A “query” refers to text that is used as input to a machine learning model that instructs the machine learning model to produce specific content based on data maintained by the analytics service. In one example, a query is obtained from the user and a prompt to the machine learning model is generated based on the query. In other examples, the query is provided directly to the machine learning model as the prompt.
The term “content” is used herein to refer to content generated by a machine learning model in response to a query and/or prompt. For example, content can include summaries, graphs, charts, visualizations, and/or other information displayed in a user interface to aid the user in determining insights. The content, for example, includes information generated by a machine learning model based on a prompt and/or other input to the machine learning model.
In modern cloud computing environments, users often rely on analytics services to collect and analyze large amounts of data collected from various data streams and services. Such analytics services can provide insight about customers, products, web-site traffic, or trends based on analyzed data. Users, in particular, use analytics services to conduct analytics sessions on user data (e.g., user clickstream data) while attempting to gain insight into a customer's activity and purchasing behavior. A vast amount of data can be gathered that relates to customers and web traffic of a business (e.g., search trends, product sales, marketing, etc.). Such data can relate to a wide variety of web traffic behaviors.
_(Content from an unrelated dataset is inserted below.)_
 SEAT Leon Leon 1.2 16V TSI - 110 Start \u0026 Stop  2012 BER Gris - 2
Analytics services are typically employed to process the vast amount of data to assist in decision-making (e.g., targeted marketing campaigns). Often, analytics systems attempt to analyze and understand how customers interact with a webpage (e.g., number of webpage visits, which kind of device a customer uses to interact with a company webpage when purchasing a product, whether a webpage visit leads to product conversion, etc.). A wide variety of insights into interactions with a webpage are of interest to a business (e.g., customer web traffic, sales in response to marketing campaign, types of devices completing sales, etc.).
There has been growth in the use of analytics services because of the increase in data gathered from different data domains. Existing analytics services provide numerous tools and capabilities to a user (e.g., data analyst) so that they can generate and visualize insights of interest from the observed data. For example, analysts using data-centric software need to make several selections within an analytics application to achieve certain objectives, gather insights from the data and take downstream decisions. Considering the sheer volume of data to be analyzed, there is now a demand on systems to query, analyze, and draw inferences while limiting any delay in accessing the data or performing processing operations. However, the high complexity and large number of commands and capabilities in analytics systems can be a drawback to an analyst that only needs a subset of these actions to perform an intended analysis objective or a novice analyst in need of guidance as to productive analysis.
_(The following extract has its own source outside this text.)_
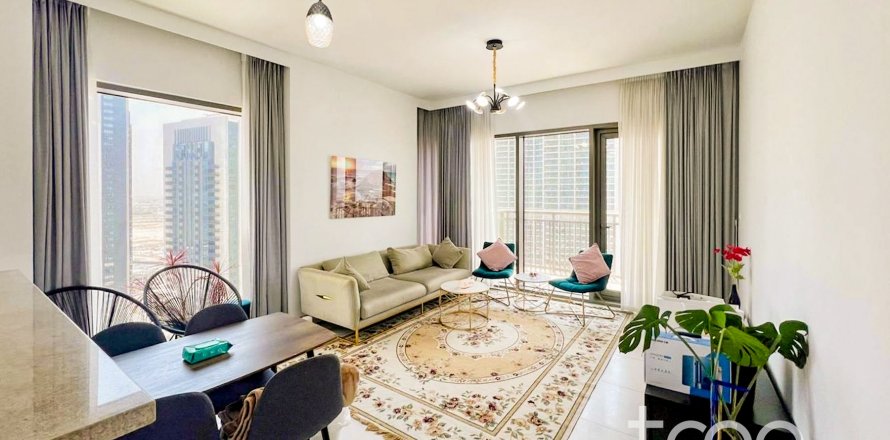 2 bedrooms Apartment in Creekside 18, UAE No. 188138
New tools including machine learning models, such as large language models (LLMs), are trained and used to interact with the analytics service to allow the user to generate content and determine insights based on natural language queries. Moreover, there are several varieties of conventional analytics services that operate based on analyzing natural language. Analyzing natural language queries supports the effective understanding of users' queries to automate the discovery of insights from data. Such conventional systems, however, fail to provide or otherwise include an efficient and effective way to re-train, fine-tune, or otherwise improve these machine learning models. Generally, in this regard, conventional implementations do not leverage integration across a wide variety of applications and services to use both direct and indirect feedback to improve these machine learning models. As such, the technical solution of inventive functionality of the present disclosure is feedback signals based in part on improving the responses and/or other content generated by machine learning models.
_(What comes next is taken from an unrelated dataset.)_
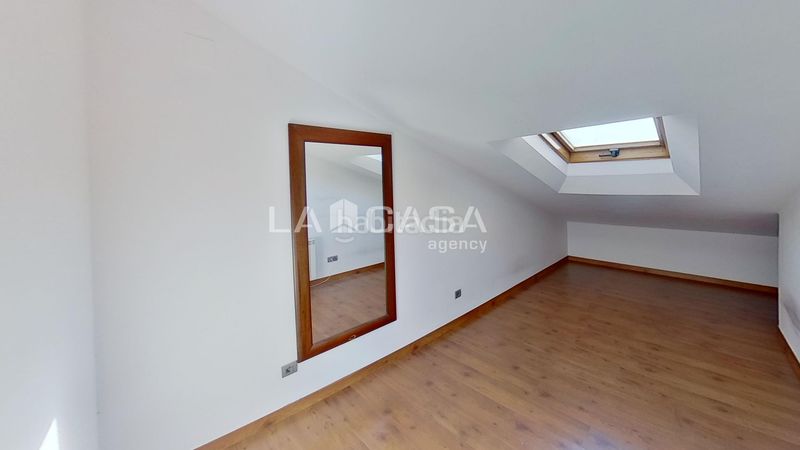 Foto baccdead-df40-4252-87f1-3c0024e64238. Àtic amb calefacció aparcament a Can Rull Sabadell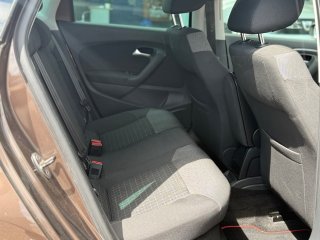 /photos/9942/cdf37944-e394-2a77-a115-3e020c42ce01_i320x240.jpg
Because human activity is often language based, natural language phrases can improve a user's ability to interact with a software application; however, these capabilities need to be refined and improved in order to improve the user experience and provide content relevant to the user. As illustrated in the technical solution, obtaining direct and indirect feedback and generating data based on that feedback to improve the machine learning models enables and improves the use of natural language to interact with the application and provides improvements over existing solutions. At a high level, both direct and indirect feedback can be obtained from the machine learning models, the analytics service or other services, and the application so that a set of scores are determined and used to improve the machine learning models. The technical solution generates a combined score and a set of individual scores for various types of feedback signals and uses a reward function or other function to update the machine learning models (e.g., modify weights, parameters, or other component of the machine learning models).
By way of context, the quality of responses can vary depending on the user and analytics service, and it is difficult to improve the responses generated by these machine learning models. For example, two major limitations when trying to improve these solutions include 1) low user engagement rate on feedback and 2) user tendency to only provide feedback on significantly positive or negative responses and/or generated content. Furthermore, these conventional solutions treat each response independently of prior exchanges with the machine learning models and do not include other possible feedback information. In other words, these conventional solutions have limited feedback mechanisms for improving the machine learning models.
Analytics services have not been developed with adequate assistant models, or, in other words, the current combination of analytics applications and artificial intelligence driven assistant models do not provide a technical solution that addresses the limitations of improvement via training features and/or fine-tuning in conventional analytics application. For example, these conventional systems rely on analysts providing feedback directly. Additionally, this data is very limited and does not include many other data sources that could improve these assistant models. With that, it has become impractical for analytics services and/or application to effectively and efficiently improve these assistant models once integrated into the application or service.
In contrast, embodiments described herein combine feedback systems tailored to a workspace user interface and assistant models. For example, various types of direct and indirect feedback, including retention-based (e.g. retrospective) feedback, follow-up and/or clarifying question-based feedback, and feedback related to actions taken in the workspace user interface are used to generate a plurality of scores that can be used to effectively and efficiently improve the assistant models. Furthermore, in various embodiments, the different types of feedback signals are assigned different weights and then combined into a single score. For example, scores for a single response generated by the assistant model, scores for multi-turn responses, and session scores are generated, which allows for a determination of the quality of generated responses in a broader way and enables specific improvements to be implemented.
Accordingly, embodiments described herein generally relate to obtaining various direct and indirect feedback signals in order to improve the accuracy and relevance of responses and/or of machine learning models integrated into an application for interacting with an analytics service. In accordance with some aspects, the systems and methods described are directed to a workspace assistant model that provides responses to user queries through a workspace of the application that allows the user to perform analytics via the analytics service to determine various insights.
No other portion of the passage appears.